Poster 168 - Comparative analysis of the specific transcripts from Haementeria depressa leech

Poster 168. Congresso da Sociedade Brasileira de Toxinologia, 8., Symposium of the Pan American Section of the International Society on Toxinology, 8., 2004, Angra dos Reis, Brasil. Abstracts... J. Venom. Anim. Toxins incl.Trop. Dis., 2004, 10, 3, p.527.

Comparative analysis of the specific transcripts from Haementeria depressa leech and Amblyomma cajennense tick salivary complexes by expressed sequence tags (ESTs) sampling

Faria, F.¹; Batista, I.F.C.¹; Junqueira-de-Azevedo, I.L.M.²; Ho, P.L.²; Sampaio, M.U.³; Chudzinski-Tavassi, A.M.¹

1 Laboratório de Bioquímica e Biofísica; 2 Centro de Biotecnologia, Instituto Butantan, São Paulo,SP, Brazil; 3 Departamento de Bioquímica, UNIFESP, São Paulo, SP, Brazil.

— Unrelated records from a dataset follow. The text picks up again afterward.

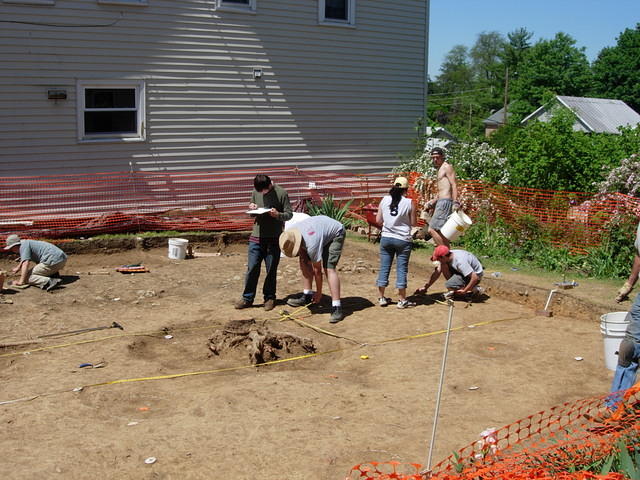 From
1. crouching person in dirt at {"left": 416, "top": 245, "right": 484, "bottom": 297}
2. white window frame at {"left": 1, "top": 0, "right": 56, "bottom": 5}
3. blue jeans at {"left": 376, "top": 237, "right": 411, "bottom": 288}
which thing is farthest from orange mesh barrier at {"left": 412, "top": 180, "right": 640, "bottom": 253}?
white window frame at {"left": 1, "top": 0, "right": 56, "bottom": 5}

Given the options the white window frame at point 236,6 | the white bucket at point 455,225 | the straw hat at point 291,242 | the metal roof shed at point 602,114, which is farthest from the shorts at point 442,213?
the metal roof shed at point 602,114

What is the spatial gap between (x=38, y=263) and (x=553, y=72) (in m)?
84.2

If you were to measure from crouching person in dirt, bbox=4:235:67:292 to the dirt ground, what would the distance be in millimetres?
215

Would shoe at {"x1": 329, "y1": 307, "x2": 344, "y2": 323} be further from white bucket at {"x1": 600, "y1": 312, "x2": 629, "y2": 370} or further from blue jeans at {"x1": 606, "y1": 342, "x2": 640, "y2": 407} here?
blue jeans at {"x1": 606, "y1": 342, "x2": 640, "y2": 407}

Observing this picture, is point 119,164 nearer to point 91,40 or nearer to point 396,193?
point 91,40

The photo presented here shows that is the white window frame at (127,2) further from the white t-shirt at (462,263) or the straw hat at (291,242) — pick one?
the white t-shirt at (462,263)

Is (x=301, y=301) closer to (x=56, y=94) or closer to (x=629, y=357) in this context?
(x=629, y=357)

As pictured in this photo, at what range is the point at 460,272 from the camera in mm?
10633

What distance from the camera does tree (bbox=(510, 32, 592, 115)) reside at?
287ft

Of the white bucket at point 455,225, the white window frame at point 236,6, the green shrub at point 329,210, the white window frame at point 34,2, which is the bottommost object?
the green shrub at point 329,210

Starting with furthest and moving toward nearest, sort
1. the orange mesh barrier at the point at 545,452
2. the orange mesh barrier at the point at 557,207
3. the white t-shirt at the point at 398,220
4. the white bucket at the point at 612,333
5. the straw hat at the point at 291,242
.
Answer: the orange mesh barrier at the point at 557,207 → the white t-shirt at the point at 398,220 → the straw hat at the point at 291,242 → the white bucket at the point at 612,333 → the orange mesh barrier at the point at 545,452

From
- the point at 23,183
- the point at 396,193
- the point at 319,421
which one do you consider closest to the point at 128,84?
the point at 23,183

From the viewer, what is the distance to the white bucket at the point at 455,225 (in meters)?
11.1

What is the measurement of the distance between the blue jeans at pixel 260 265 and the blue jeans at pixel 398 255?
4.73ft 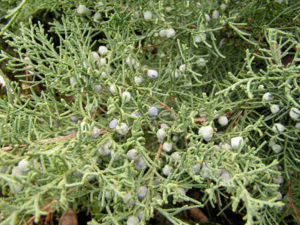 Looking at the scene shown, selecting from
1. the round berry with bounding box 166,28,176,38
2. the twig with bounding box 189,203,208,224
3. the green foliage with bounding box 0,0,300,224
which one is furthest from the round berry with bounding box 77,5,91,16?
the twig with bounding box 189,203,208,224

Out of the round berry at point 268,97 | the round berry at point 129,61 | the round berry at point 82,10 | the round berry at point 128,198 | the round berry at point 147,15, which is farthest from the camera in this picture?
the round berry at point 82,10

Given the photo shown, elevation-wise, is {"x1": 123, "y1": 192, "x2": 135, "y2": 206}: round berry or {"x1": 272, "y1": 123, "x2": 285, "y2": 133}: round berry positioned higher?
{"x1": 123, "y1": 192, "x2": 135, "y2": 206}: round berry

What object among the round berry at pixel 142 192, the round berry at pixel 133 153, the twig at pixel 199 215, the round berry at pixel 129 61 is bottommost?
the twig at pixel 199 215

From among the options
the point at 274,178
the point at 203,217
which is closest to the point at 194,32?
the point at 274,178

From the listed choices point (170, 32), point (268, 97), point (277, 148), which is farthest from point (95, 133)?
point (277, 148)

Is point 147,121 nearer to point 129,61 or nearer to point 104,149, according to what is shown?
point 104,149

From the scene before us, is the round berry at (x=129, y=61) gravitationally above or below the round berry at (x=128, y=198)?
above

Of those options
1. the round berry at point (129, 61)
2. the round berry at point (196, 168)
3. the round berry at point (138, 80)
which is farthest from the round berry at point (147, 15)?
the round berry at point (196, 168)

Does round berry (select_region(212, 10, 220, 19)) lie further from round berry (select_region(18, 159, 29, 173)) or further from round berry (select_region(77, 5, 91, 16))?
round berry (select_region(18, 159, 29, 173))

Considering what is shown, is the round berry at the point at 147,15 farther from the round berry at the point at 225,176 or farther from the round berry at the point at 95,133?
the round berry at the point at 225,176
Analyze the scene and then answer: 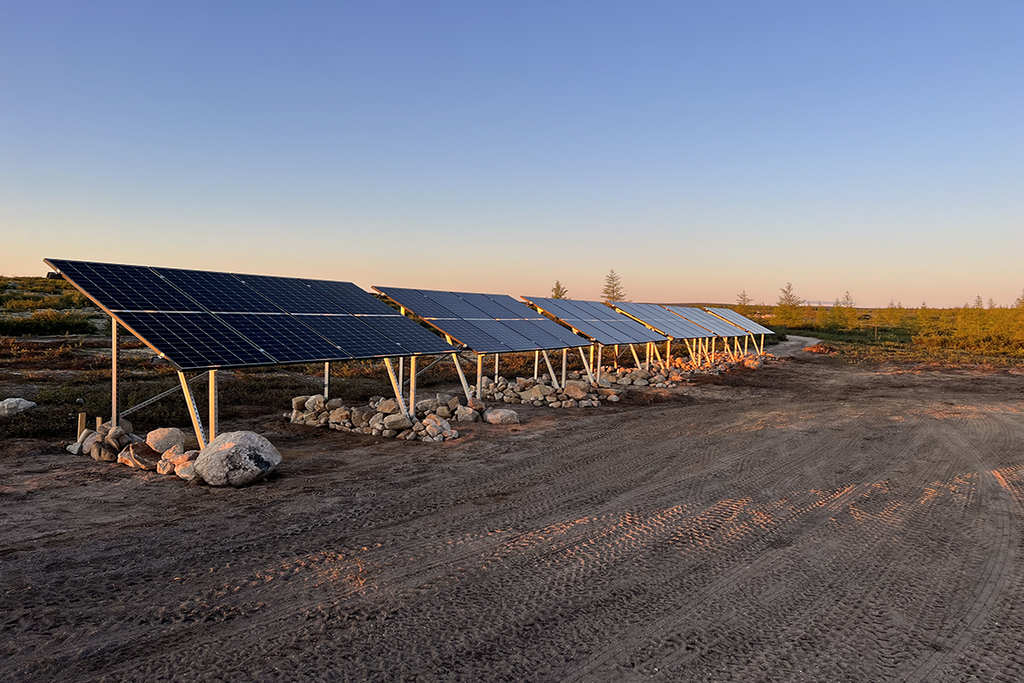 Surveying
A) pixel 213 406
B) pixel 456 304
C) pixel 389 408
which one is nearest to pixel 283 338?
pixel 213 406

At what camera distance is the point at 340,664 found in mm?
4770

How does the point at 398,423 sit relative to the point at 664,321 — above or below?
below

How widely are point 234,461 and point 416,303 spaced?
426 inches

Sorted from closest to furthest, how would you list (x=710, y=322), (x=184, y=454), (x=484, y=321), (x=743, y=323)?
(x=184, y=454), (x=484, y=321), (x=710, y=322), (x=743, y=323)

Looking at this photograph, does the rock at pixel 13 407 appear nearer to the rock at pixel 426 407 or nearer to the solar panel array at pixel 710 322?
the rock at pixel 426 407

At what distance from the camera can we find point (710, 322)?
41.1m

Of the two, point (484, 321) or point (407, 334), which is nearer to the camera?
point (407, 334)

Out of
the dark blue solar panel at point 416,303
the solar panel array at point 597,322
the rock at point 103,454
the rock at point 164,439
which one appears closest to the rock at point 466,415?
the dark blue solar panel at point 416,303

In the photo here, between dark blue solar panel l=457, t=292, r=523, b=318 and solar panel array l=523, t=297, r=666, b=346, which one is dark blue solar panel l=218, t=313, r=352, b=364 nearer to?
dark blue solar panel l=457, t=292, r=523, b=318

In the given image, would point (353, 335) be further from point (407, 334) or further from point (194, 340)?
point (194, 340)

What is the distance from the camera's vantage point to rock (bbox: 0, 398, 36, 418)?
14.1m

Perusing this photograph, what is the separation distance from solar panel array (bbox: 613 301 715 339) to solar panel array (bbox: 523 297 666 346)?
4.37 ft

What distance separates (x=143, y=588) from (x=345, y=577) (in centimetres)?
214

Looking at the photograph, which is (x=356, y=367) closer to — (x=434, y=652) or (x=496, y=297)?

The saliva of blood-feeding animals usually is able to prevent the blood clotting during ingestion and/or assimilation, due to the presence of anticoagulant substances. A potent FXa inhibitor (lefaxin) and a fibrino(geno)lytic metalloprotease (hementerin) were purified from the salivary complexes of H. depressa leeches. Inhibitors of platelet aggregation, thrombin, and factor Xa from A. cajennense saliva have already been characterized. Aims: 1) construct plasmid cDNA libraries, from salivary complexes of H. depressa leech and A. cajennense tick; 2) sequence several clones of each library; 3) carry out a comparison analysis of gene-expression profiles using ESTs. The cDNAs were synthesized (Superscript plasmid system), selected by size, and inserted into pGEM11Zf+ plasmid, transformed in DH5a E. coli), and plated (2YT-amp agarose plates). Random clones were selected, their DNA extracted, and about 500 clones of A. cajennense library and 960 clones of H. depressa were sequenced. The set of expressed genes were obtained by assembling ESTs in clusters of unique genes and then analyzing their similarity against GenBank. In the H. depressa leech cDNA library, 898 independent clones were assembled (555 clusters: 102 contigs and 453 singlets) and important toxins involved in feeding were identified (about 10%) including serine proteases inhibitors, platelet aggregation inhibitors, antimicrobial, C type lectins, and metalloproteases. Among these 2,8% were characterized as candidates for lefaxin expression. From the A. cajennense tick cDNA library, 430 independent clones were sequenced (84 clusters). Among these, 9 codify serpins (2%), and one of these, showing high homology to a Factor Xa inhibitor, was elected to the expression.